The Globe and Mail                                      Tuesday, June 10, 1997

Budget crisis grips German government

Kohl urged to step down as coalition 
backing his government near collapse 

        By  Alan Freeman
        European Bureau

The three-party coalition supporting the government of German Chancellor 
Helmut Kohl appears close to collapse over its inability to agree on how to fill 
a hole of 20 billion marks in this year's budget.

A split would prompt an early election. Germans are not scheduled to go to the 
polls until the fall of 1998.

"I think the situation has never been as serious as it is right now," said Jens van 
Scherpenberg, senior research fellow at the Stiftung Wissenschaft und Politik, 
a leading German think tank.

Escalating the growing malaise in the centre-right government that has ruled 
Germany for 14 years, Helmut Schmidt, Mr. Kohl's influential predecessor as 
chancellor, yesterday called on Mr. Kohl and his finance minister, Theo 
Waigel, to resign because of fiscal mismanagement.

"The only thing left to do is to make room for people with new ideas," Mr. 
Schmidt, a Social Democrat, told German television.

Mr. Kohl threatened to quit several times in the past week over the budget 
crisis, newspapers here reported.

Mr. Kohl's credibility has been severely bruised after an awkward effort last 
week by his finance minister to use a revaluation of the country's gold reserves 
to fill the budget gap.

The government was forced to retreat from the effort after the Bundesbank, 
Germany's central bank, and several of the government's critics attacked the 
measure as an accounting trick.

Mr. van Scherpenberg noted that although Mr. Kohl has been under fire in the 
past, this time the problems are more profound.

In previous crises, Mr. Kohl was frequently criticized by the news media and 
the intelligentsia, but he found backing with the public, a situation that has 
changed.

"I think he's out of tune with the man in the street, and that is different from 
earlier times," said Mr. van Scherpenberg, who thinks that many Christian 
Democrats now believe Mr. Kohl will be a liability in next year's election, when 
he will try for a fifth term as chancellor.

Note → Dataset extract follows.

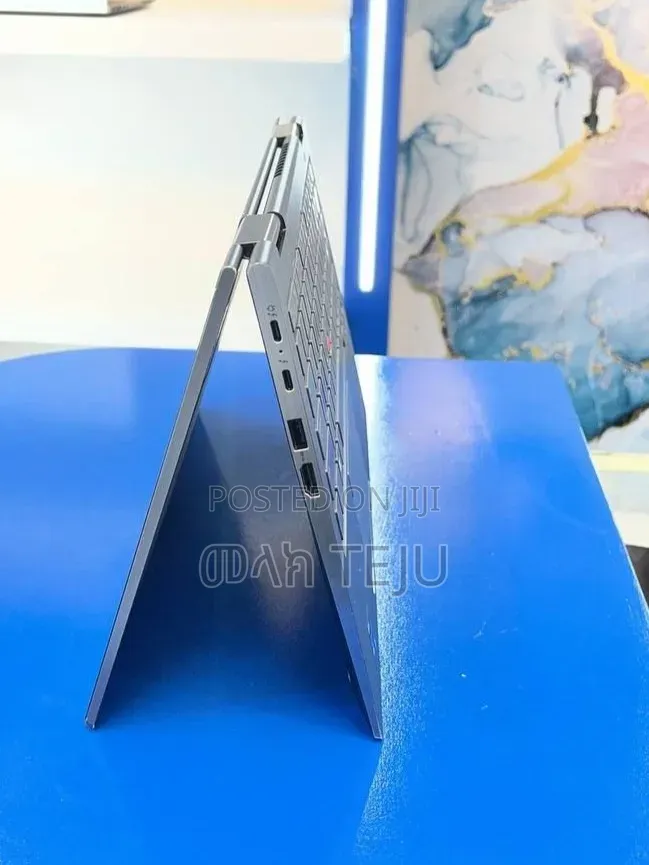 New Laptop Lenovo ThinkPad X1 Yoga 16GB Intel Core i7 SSD 512GB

Germany's weak economy doesn't help matters. The latest jobless statistics 
show that the seasonally adjusted unemployment rate jumped to 11.4 per cent 
in May from 11.2 per cent in April. More than 4.3 million Germans are out of 
work.

The increase in unemployment not only hurts Mr. Kohl politically, it deepens 
his government's fiscal problems by forcing a rise in spending on jobless 
benefits.

All of this makes it even more difficult for Germany to meet the Maastricht 
Treaty rules required for membership in the proposed European single 
currency, known as the euro. The rules stipulate that nations wishing to join 
may have deficits of no more than 3 per cent of gross domestic product.

The Free Democrats, the smallest of the coalition parties with 6.9 per cent of 
the popular vote in the 1994 election, oppose making up the budget shortfall 
through any tax increases, including a proposed hike in gasoline taxes.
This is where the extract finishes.